Problem to solve = Would you copy exactly the lines in the data below from the one that has "vidaXL Sandbox with" through the one that has "Physics motion notes for ICSE Class 7", dropping any pictures?

Task material =
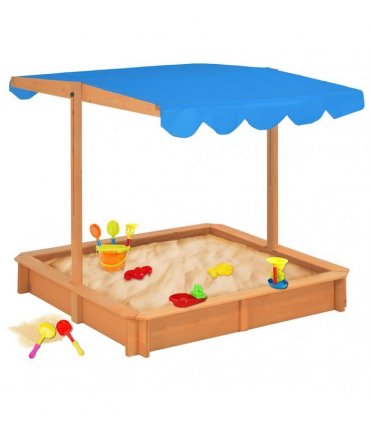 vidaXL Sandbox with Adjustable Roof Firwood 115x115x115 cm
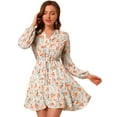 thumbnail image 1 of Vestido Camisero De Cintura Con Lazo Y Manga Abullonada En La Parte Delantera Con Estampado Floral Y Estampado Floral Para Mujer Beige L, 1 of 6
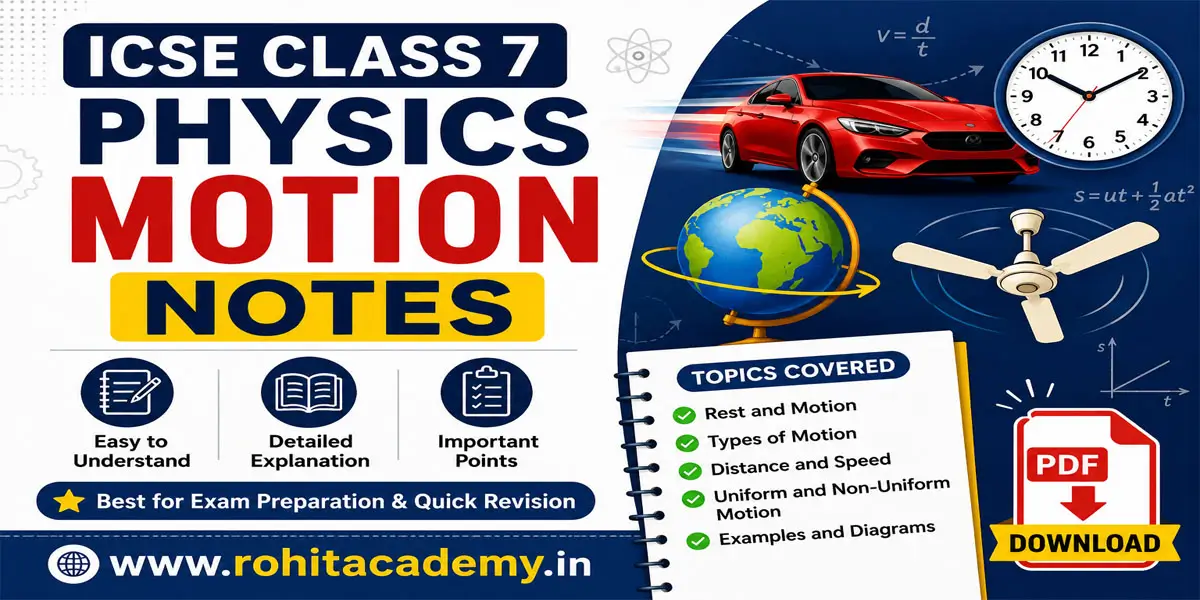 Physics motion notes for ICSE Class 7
...
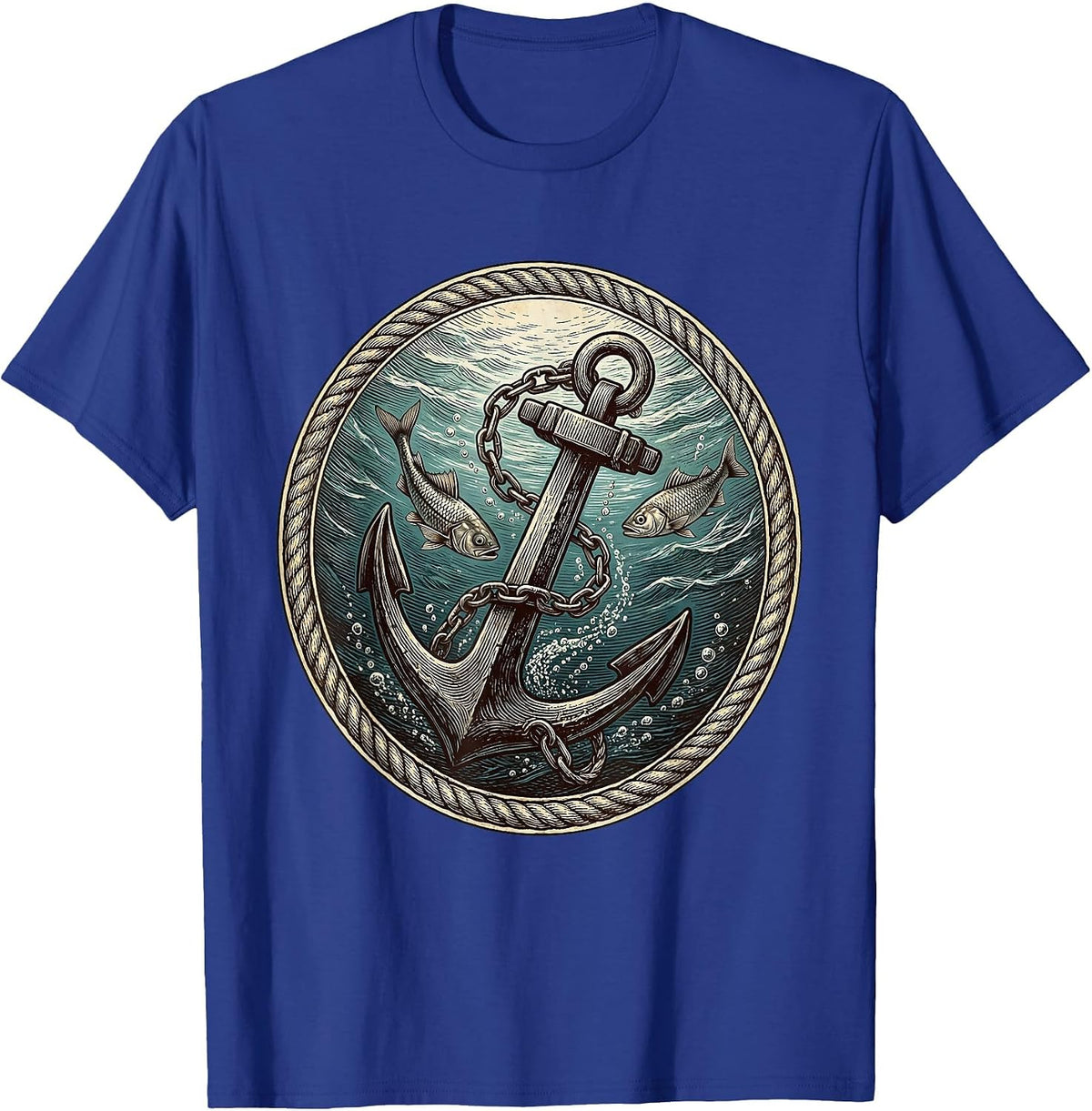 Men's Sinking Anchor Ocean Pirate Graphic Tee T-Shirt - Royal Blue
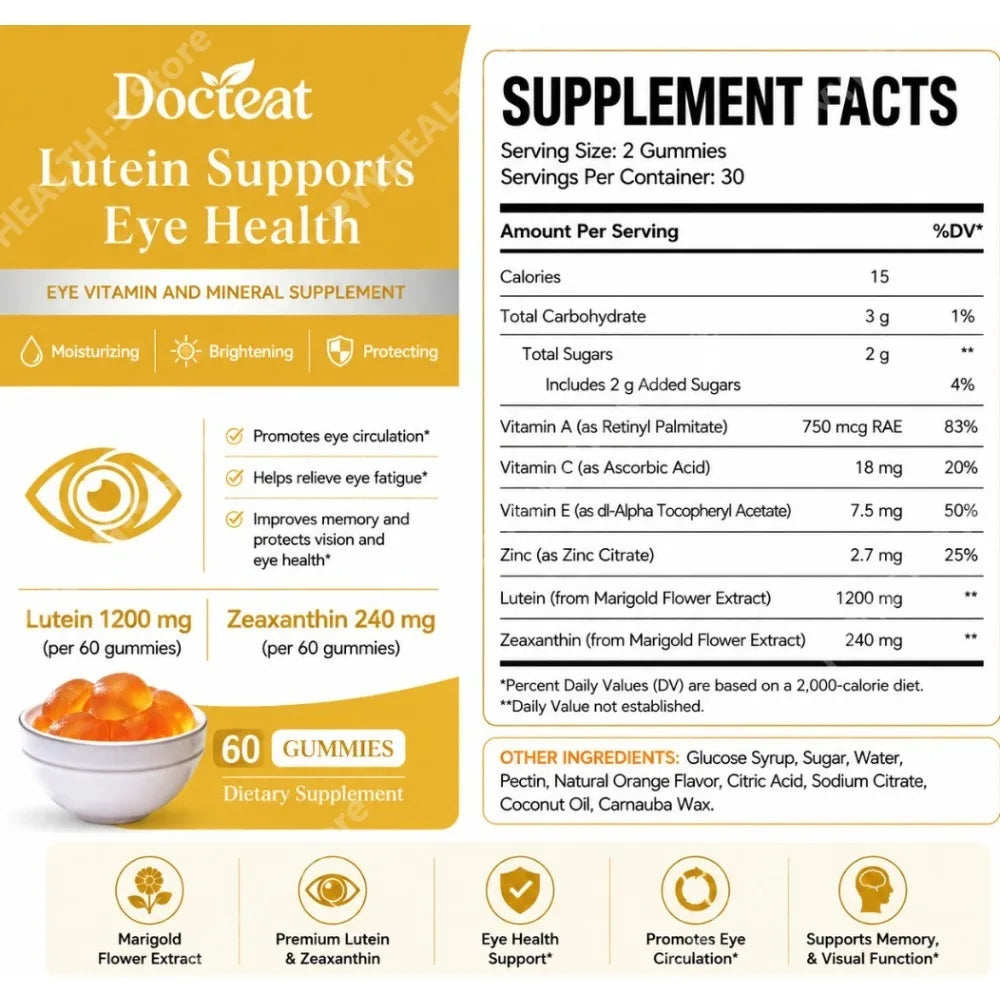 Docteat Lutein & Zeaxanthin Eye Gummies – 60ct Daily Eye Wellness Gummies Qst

Exercise response =
 vidaXL Sandbox with Adjustable Roof Firwood 115x115x115 cm
 thumbnail image 1 of Vestido Camisero De Cintura Con Lazo Y Manga Abullonada En La Parte Delantera Con Estampado Floral Y Estampado Floral Para Mujer Beige L, 1 of 6
 Physics motion notes for ICSE Class 7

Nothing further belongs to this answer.